Biggest problem with implementing this is that the ethernet card will need to understand the layered packet (as in TCP packet) as well as tell the connecting switch not to drop its arp cache.  This isn't possible in most consumer ethernet cards, you'll need a special card to do this.

Best you can do is if this machine has WOL (which you do setup with ethtool most likely, along with BIOS) and you have another machine like a router that you can hack, to send a WOL packet along whenever it needs to hit your machine.  This is totally unrelated to the server itself, it's the router doing the work...

----------

## destroyedlolo

The problem with that is your server will take several seconds (or more) to start ... tooooooo long for a web visite.

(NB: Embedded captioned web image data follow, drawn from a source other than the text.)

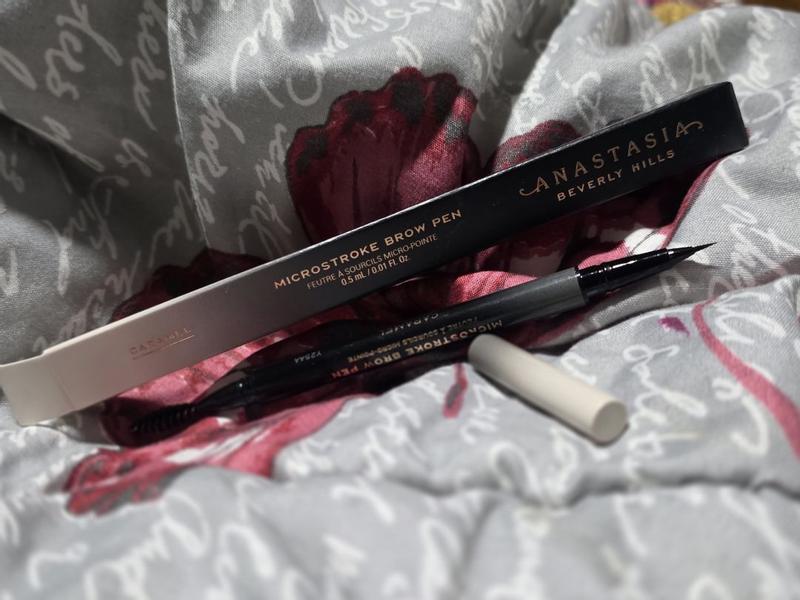 Customer carousel item 13.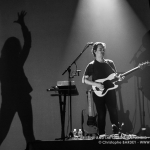 20141122__CBY2348_Christine_and_the_Queens
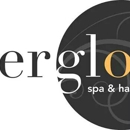 After Glow Spa - Beauty Salons
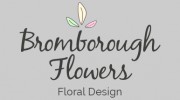 Bromborough Flowers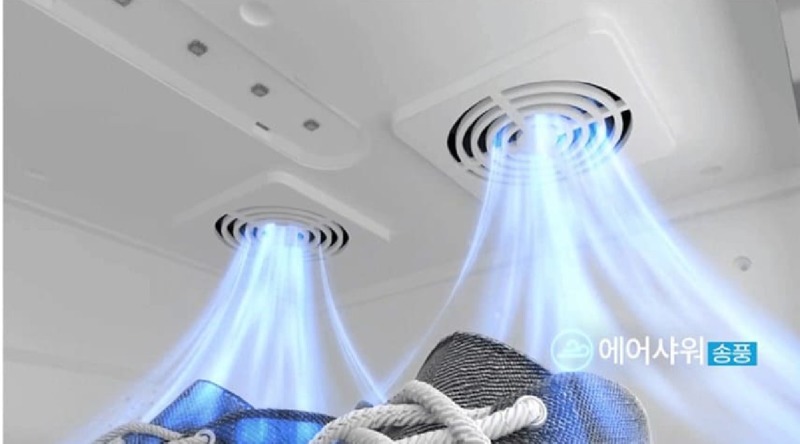 Screenshot 2025-10-29 at 04.45.08.JPG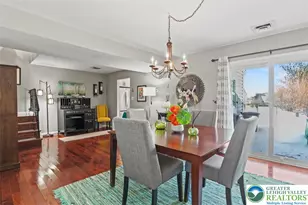 353 41st St, Allentown City, PA 18104 - Photo 15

At least, you may use CPU ladder and shutdown disks if no activities (in this case, play with iotop to avoid any parasite activities). It will save some power   :Very Happy: 

----------

## thekeymaker

 *destroyedlolo wrote:*   

> The problem with that is your server will take several seconds (or more) to start ... tooooooo long for a web visite.
> 
> At least, you may use CPU ladder and shutdown disks if no activities (in this case, play with iotop to avoid any parasite activities). It will save some power  

 

Agreed. Yeah I was trying to see if I could do more, but I guess not besides CPU ladder and turning of disks when not needed.  Ok.

Thank you both for your input!!!

----------